Verbatim output of the lines below is required, with the images omitted.

The data »
────────────────

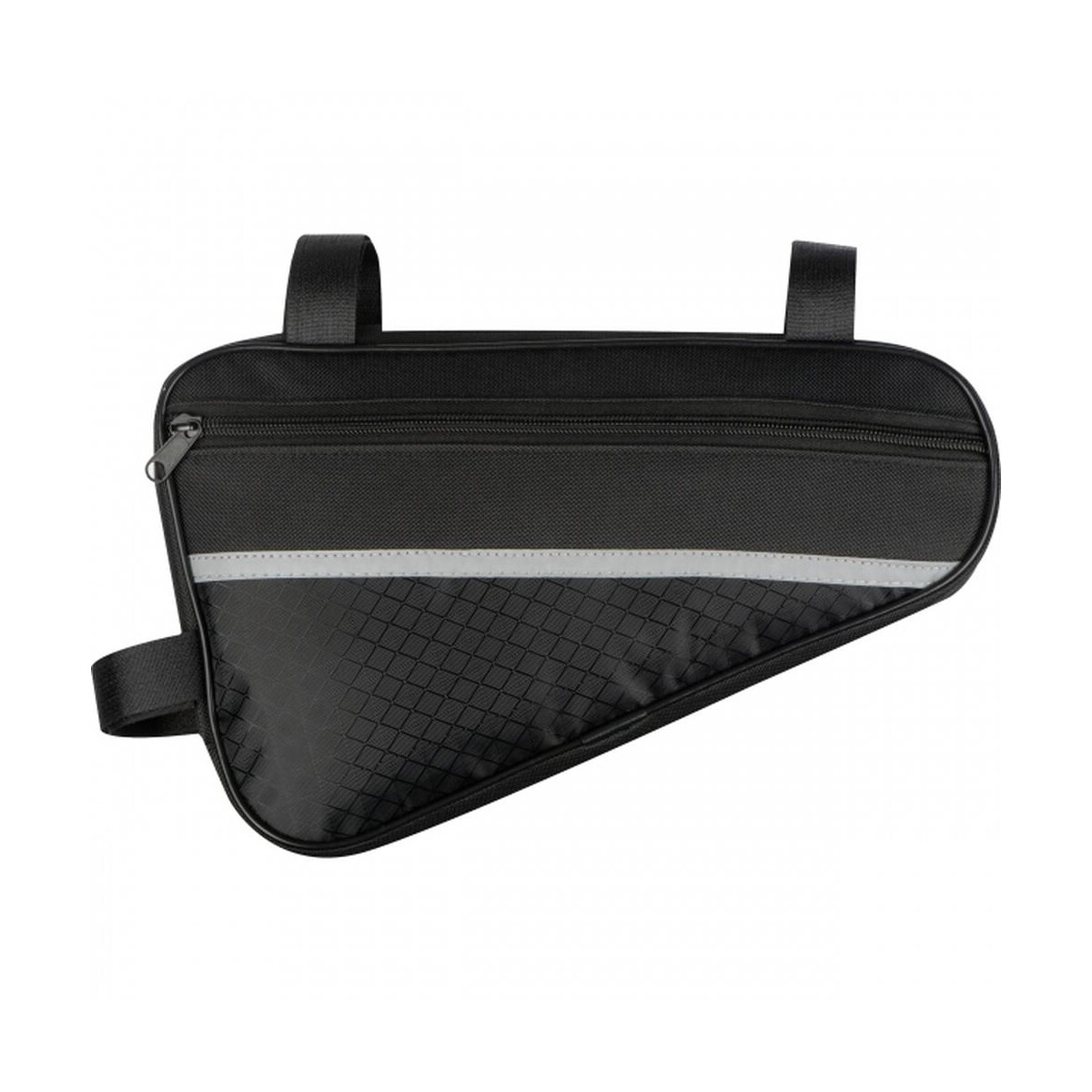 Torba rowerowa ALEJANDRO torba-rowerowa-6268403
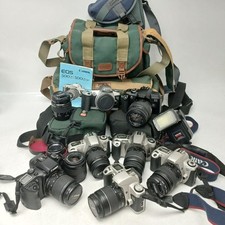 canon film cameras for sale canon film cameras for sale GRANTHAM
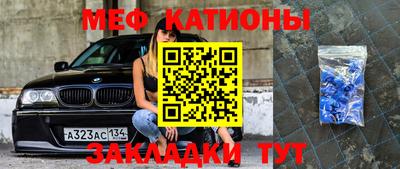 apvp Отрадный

────────────────

Completed task »
 Torba rowerowa ALEJANDRO torba-rowerowa-6268403
 canon film cameras for sale canon film cameras for sale GRANTHAM
 apvp Отрадный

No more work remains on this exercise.